YOUR ASSIGNMENT —
Your response should be every line from the entries that includes the string "Crossword".

--------------------------------------------------

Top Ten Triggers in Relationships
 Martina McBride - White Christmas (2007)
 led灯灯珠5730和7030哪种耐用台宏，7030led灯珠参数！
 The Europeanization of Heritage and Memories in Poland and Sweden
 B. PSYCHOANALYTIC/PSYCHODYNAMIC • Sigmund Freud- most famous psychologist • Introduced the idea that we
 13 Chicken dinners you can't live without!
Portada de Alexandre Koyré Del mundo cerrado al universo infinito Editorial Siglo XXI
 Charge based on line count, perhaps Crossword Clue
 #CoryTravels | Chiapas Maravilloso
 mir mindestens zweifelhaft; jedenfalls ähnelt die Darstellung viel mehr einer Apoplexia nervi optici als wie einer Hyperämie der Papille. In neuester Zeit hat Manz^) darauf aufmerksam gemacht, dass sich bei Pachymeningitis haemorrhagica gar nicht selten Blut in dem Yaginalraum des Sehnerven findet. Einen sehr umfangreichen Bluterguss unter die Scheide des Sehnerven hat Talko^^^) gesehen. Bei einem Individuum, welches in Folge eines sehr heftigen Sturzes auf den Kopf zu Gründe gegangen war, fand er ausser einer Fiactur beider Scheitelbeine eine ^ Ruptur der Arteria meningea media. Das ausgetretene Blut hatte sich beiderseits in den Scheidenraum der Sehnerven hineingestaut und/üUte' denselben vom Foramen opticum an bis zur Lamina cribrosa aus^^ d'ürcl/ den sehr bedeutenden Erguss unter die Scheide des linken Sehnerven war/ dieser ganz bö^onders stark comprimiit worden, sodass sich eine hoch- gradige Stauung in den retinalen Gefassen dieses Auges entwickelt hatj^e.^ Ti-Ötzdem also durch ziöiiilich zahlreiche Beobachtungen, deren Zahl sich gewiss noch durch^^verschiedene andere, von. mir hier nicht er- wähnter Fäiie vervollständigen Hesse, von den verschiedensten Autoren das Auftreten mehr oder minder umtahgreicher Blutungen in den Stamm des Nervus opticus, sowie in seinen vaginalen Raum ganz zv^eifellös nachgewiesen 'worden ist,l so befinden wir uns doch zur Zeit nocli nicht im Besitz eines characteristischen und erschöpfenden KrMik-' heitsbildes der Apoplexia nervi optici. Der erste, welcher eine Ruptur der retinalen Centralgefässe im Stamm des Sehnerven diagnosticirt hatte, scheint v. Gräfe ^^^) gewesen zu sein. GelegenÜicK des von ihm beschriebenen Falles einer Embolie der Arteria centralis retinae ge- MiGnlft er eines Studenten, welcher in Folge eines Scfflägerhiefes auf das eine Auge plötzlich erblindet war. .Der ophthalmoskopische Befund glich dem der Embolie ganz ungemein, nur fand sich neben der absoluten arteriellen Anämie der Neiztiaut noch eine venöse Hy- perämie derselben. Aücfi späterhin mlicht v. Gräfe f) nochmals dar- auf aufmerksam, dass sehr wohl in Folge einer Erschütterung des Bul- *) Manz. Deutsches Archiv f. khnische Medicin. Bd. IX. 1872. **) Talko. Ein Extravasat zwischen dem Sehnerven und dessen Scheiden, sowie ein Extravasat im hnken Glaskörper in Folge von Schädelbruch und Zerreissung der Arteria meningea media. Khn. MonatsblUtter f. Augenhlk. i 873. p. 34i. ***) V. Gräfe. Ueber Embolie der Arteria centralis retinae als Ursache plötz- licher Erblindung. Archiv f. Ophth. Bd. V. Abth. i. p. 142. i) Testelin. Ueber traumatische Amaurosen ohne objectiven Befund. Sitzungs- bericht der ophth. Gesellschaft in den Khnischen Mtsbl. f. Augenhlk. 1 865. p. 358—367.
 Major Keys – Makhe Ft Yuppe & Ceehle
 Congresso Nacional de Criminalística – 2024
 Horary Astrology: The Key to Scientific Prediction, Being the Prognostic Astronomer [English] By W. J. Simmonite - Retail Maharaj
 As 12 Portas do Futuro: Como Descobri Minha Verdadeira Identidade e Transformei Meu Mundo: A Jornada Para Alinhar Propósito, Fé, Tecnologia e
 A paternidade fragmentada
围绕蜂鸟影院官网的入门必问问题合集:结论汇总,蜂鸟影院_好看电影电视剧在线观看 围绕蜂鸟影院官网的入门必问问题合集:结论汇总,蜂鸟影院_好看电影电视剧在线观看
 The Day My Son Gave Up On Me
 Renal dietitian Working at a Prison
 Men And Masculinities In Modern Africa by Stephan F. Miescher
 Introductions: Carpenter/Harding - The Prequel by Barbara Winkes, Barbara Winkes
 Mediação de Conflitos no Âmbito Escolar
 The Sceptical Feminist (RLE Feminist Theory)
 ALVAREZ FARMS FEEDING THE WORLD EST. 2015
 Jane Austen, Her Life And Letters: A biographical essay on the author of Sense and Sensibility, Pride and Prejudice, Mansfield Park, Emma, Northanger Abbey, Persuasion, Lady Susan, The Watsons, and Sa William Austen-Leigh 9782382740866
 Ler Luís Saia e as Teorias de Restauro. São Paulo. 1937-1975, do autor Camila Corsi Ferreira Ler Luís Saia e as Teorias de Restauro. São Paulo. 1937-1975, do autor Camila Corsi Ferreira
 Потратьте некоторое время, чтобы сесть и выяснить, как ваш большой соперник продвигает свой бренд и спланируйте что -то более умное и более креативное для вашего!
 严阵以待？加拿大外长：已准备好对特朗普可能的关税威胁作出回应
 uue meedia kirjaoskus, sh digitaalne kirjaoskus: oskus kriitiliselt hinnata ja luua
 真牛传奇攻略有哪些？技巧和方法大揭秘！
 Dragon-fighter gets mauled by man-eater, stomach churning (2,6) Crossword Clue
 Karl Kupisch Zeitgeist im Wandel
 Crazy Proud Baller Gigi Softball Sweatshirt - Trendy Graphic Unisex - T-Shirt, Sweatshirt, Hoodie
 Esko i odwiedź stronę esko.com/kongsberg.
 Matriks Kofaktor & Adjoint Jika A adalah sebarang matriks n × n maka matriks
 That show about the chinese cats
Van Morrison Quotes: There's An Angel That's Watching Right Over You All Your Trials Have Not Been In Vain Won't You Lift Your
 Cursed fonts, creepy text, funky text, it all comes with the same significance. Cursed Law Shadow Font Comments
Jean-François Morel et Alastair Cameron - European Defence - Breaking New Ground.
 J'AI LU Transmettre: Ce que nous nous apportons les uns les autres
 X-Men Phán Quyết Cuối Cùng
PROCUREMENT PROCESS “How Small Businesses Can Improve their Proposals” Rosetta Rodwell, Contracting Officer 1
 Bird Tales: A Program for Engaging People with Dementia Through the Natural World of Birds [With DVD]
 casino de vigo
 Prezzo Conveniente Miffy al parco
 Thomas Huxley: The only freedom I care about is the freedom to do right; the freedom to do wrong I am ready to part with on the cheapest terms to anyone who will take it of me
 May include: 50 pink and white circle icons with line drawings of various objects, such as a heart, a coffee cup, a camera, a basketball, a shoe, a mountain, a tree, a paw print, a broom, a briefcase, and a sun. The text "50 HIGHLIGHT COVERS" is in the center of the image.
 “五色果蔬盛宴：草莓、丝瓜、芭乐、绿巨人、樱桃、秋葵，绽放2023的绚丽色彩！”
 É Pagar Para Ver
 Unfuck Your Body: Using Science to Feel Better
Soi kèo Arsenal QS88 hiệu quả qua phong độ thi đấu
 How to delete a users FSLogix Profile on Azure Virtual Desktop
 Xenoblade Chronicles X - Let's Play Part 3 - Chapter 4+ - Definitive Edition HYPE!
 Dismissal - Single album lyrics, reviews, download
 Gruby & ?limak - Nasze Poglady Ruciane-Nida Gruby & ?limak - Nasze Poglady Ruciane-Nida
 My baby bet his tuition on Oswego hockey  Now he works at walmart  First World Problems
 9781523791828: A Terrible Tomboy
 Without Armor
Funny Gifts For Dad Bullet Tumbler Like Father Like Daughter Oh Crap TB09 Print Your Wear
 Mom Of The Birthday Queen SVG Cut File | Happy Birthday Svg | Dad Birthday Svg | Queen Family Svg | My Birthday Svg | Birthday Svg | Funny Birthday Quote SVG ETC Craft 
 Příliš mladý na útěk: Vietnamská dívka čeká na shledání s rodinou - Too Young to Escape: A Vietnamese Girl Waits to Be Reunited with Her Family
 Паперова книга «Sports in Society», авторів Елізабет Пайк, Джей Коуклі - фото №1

--------------------------------------------------

REPLY TO THE TASK —
 Charge based on line count, perhaps Crossword Clue
 Dragon-fighter gets mauled by man-eater, stomach churning (2,6) Crossword Clue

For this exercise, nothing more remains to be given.